NARROWSBURG, NY — If you want to guarantee an attentive meeting audience, free a timber rattlesnake or copperhead on the floor of your meeting space.

It sure works for Narrowsburg resident and long-time snake handler Randy Stechert, who presented his “Habits and Habitats of Venomous Snakes” program at the July 11 Upper Delaware Council (UDC) meeting.

Stechert recalled anecdotes and answered questions while his charges (only one at a time) slithered around, largely unhindered, on the newly re-tiled floor of the UDC meeting space.
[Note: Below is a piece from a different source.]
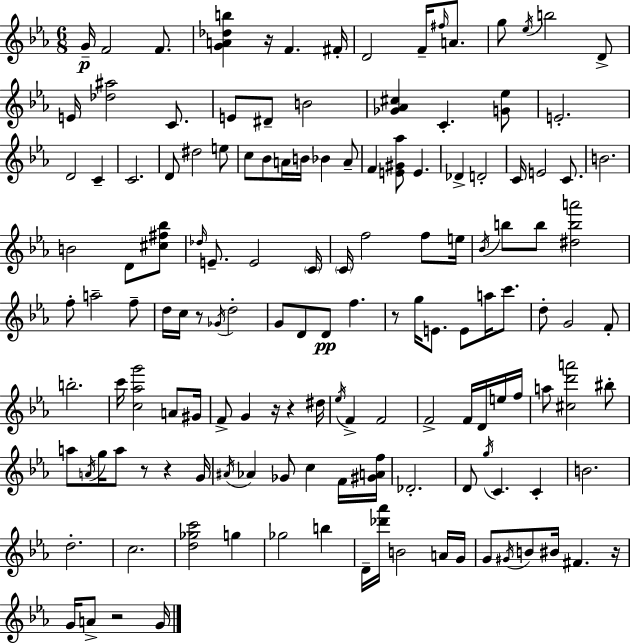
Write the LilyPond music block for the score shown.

A rapt audience—some of whom who had moved back a row in their seating—took in his hour-long program.

Stechert, who has been a snake guy since the 1960s, said he’s not a collector; he keeps only his two vipers in order to give public programs to try and educate the public.
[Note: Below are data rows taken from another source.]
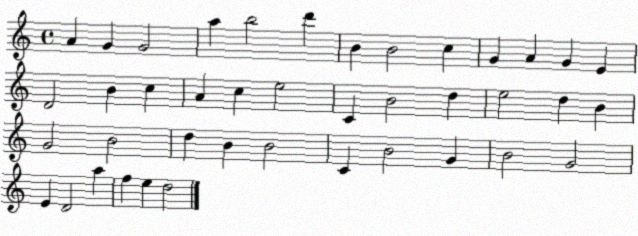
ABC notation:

X:1
T:Untitled
M:4/4
L:1/4
K:C
A G G2 a b2 d' B B2 c G A G E D2 B c A c e2 C B2 d e2 d B G2 B2 d B B2 C B2 G B2 G2 E D2 a f e d2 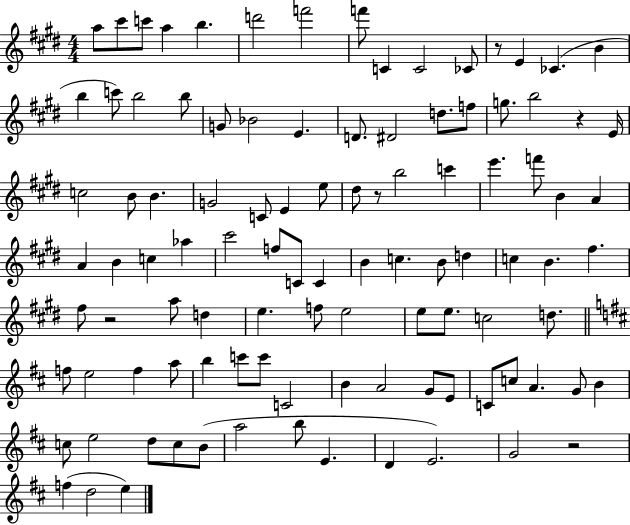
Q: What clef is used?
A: treble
While he recalled having been bitten four times over the years, he said two of those bites were harmless “dry” bites, while the other two required some treatment. On the whole, he said our local vipers are not aggressive and, in the case of copperheads, are rarely lethal.

He said the last death he’d found related to a copperhead bite was a young man in Missouri, but he was said to have died from anaphylactic shock rather than snake venom. The last New York death from a timber rattlesnake’s bite was in 1929. The victim was an experienced zoologist collecting specimens for study.
Stechert said he’s found both copperheads and timber rattlesnakes to the south, but Narrowsburg is the northern demarcation line and their range, and to his knowledge it ends there.